Assignment: Below are the records; extract from them the line containing "2027 Toyota Corolla" to the line containing "Cover for Simone", both lines included, exactly and with no pictures.

Supplied records:
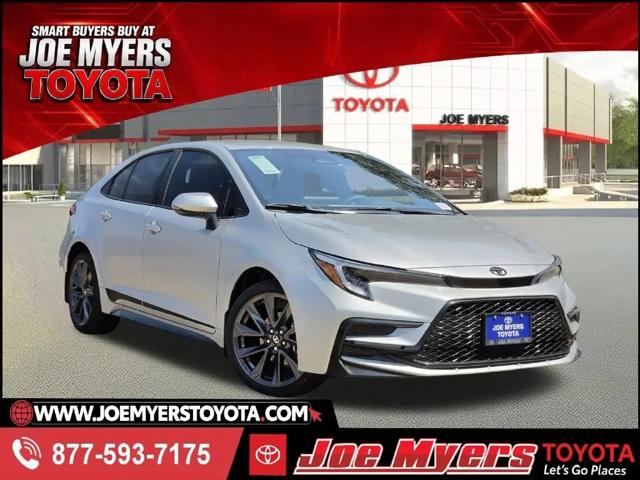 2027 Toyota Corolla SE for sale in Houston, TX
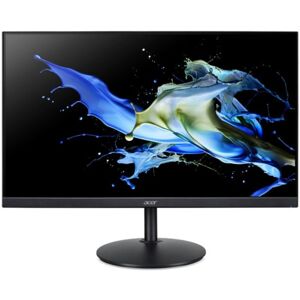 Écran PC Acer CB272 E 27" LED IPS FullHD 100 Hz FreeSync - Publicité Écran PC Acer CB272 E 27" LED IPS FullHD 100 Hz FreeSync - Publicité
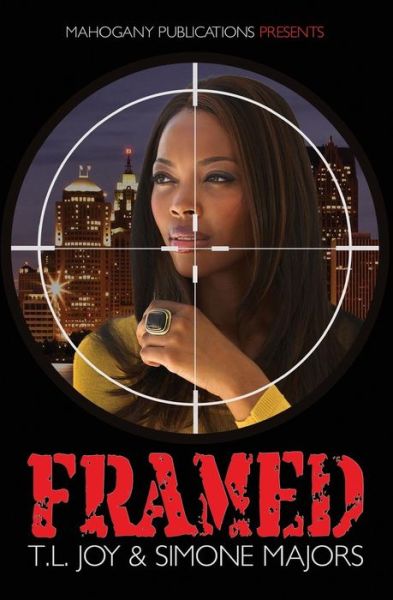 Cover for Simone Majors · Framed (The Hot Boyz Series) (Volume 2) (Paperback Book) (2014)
...
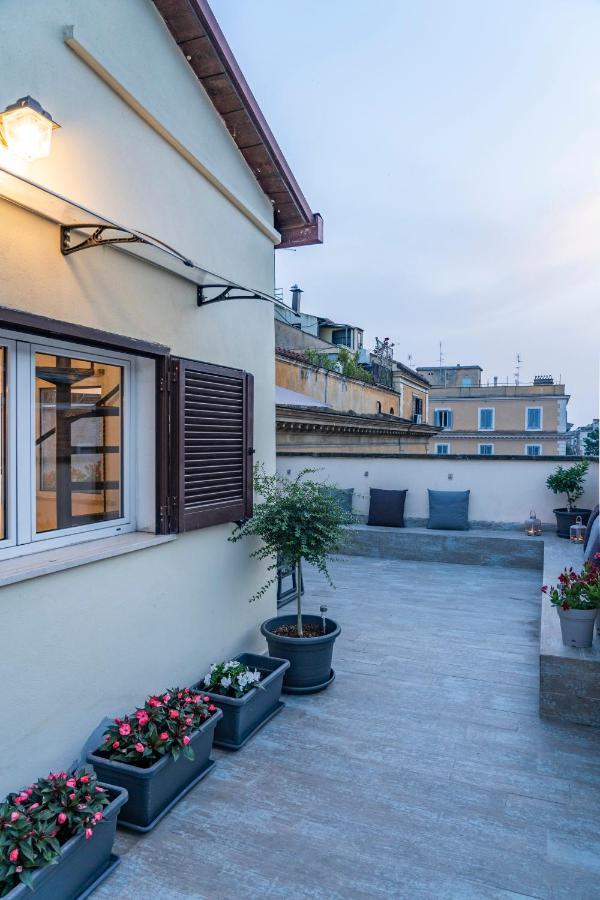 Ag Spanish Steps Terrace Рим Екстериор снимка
--
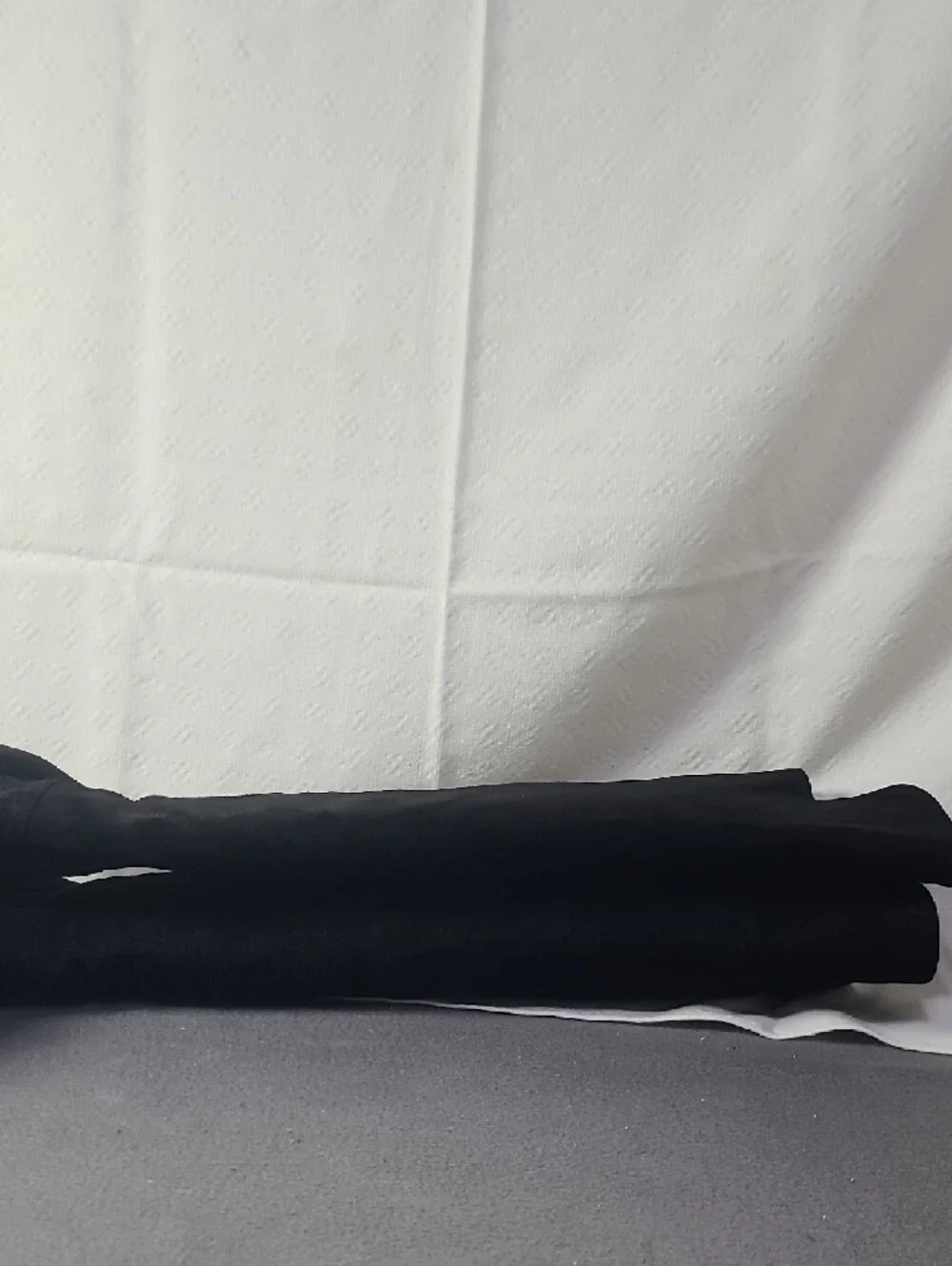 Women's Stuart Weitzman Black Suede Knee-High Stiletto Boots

Task output:
 2027 Toyota Corolla SE for sale in Houston, TX
 Écran PC Acer CB272 E 27" LED IPS FullHD 100 Hz FreeSync - Publicité Écran PC Acer CB272 E 27" LED IPS FullHD 100 Hz FreeSync - Publicité
 Cover for Simone Majors · Framed (The Hot Boyz Series) (Volume 2) (Paperback Book) (2014)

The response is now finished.